All this for only $23. Makes the Melbourne and Sydney Theatre Companies look dull, and overpriced.
Round Two. Dramatic denouement on stage. Blackout. House lights up, and the drama resumed. Long John, who surely knew his Stevenson, scanned the audience with baleful glare—have I mentioned that he looked like Robert Newton? I have? He did. We all looked in other directions. Wife kept protagonist occupied in unnaturally intense conversation. More loud noises from Long John about taking on Big Man. Studious ignoral by threatened party. Long John headed for the bar. Flurries of communications and rapid movements between audience and bar staff to stop them selling him another red, or white. After much animated conversation he got a glass of water instead—in a wine glass. We all thought of the damage he could do holding it in his hand.
Back in his seat there were now subdued and serious conversations between Long John and theatre volunteers. The magic word police was heard, whispered loudly and passed rapidly around the audience.
After conversations Long John was alone and reprised his scanning of the audience with baleful glare. The embarrassed interval went on and on for an eternity or two. Finally a public address voice informed us that the interval would be further delayed and invited us to have tea or coffee (the announcer was very clear on the nouns) at the bar.
Finally the climax. Two nonchalant police officers and a cool front-of-house manager swept in. Manager smoothly opened emergency exit, police smoothly swept Long John through it, door smoothly closed. Audience smoothly applauded.
We had forgotten about the actors on the stage until the Jury Bailiff reminded us of the penalties for contempt of court, and we contentedly returned to Archer’s drama. Even the Judge allowed himself a happy reference to our absent colleague.
Near play’s end we all used the flash cards that had been left on our seats and voted either “Guilty” or “Not Guilty”. The Not Guilties won and the play resumed with a final twist. Sound familiar? Scratch Archer’s The Accused and you will find Agatha Christie’s Witness for the Prosecution.
The review of the performance wrote itself:
“As The Platitude of Unintended Consequences, Long John Silver impressed.
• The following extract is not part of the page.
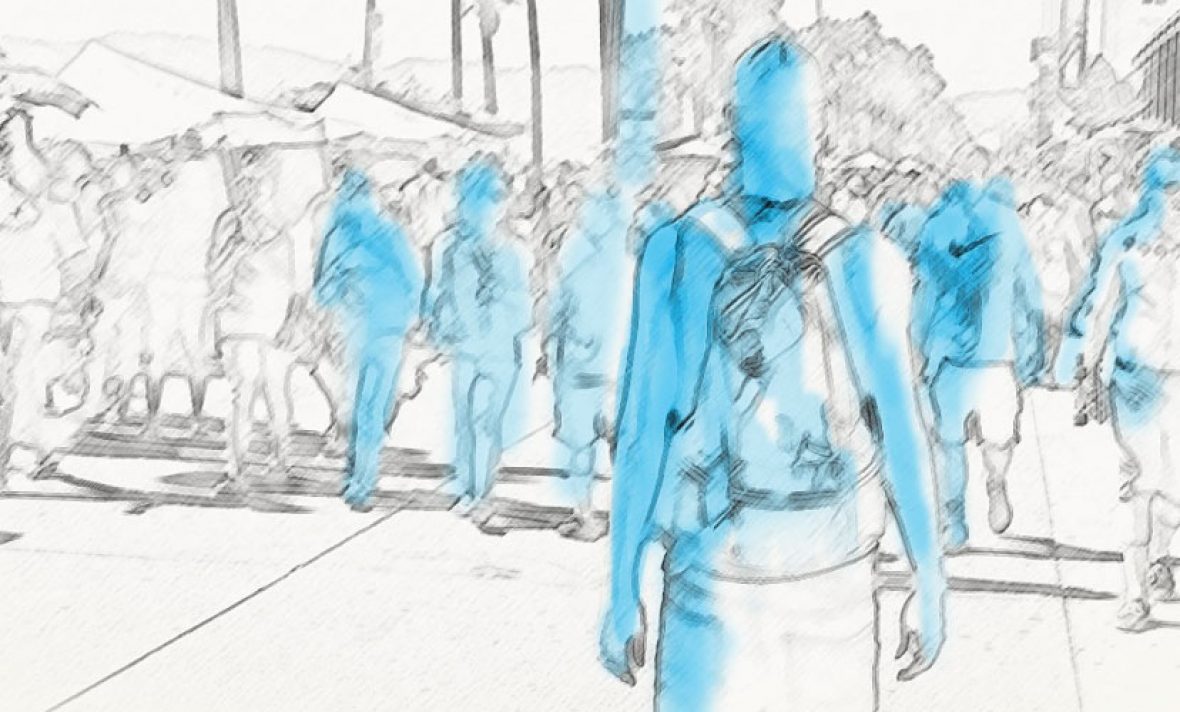 Menschen auf einem Marktplatz.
Anonymous Man in audience put up a good show as Antagonist, while Unknown Woman offered a clever cameo of the Wife. The well-balanced cast included The Man Who Owns A Dinner Suit who took the Front of House Manager, and Two Unknowns, who reaped well-merited applause as the helpmeets (?) behind the Bar. In the parts of Policeman and Policewoman, two popular local constables impressed. Well done, Hobart Rep!”
Theatre doesn’t get any better than this.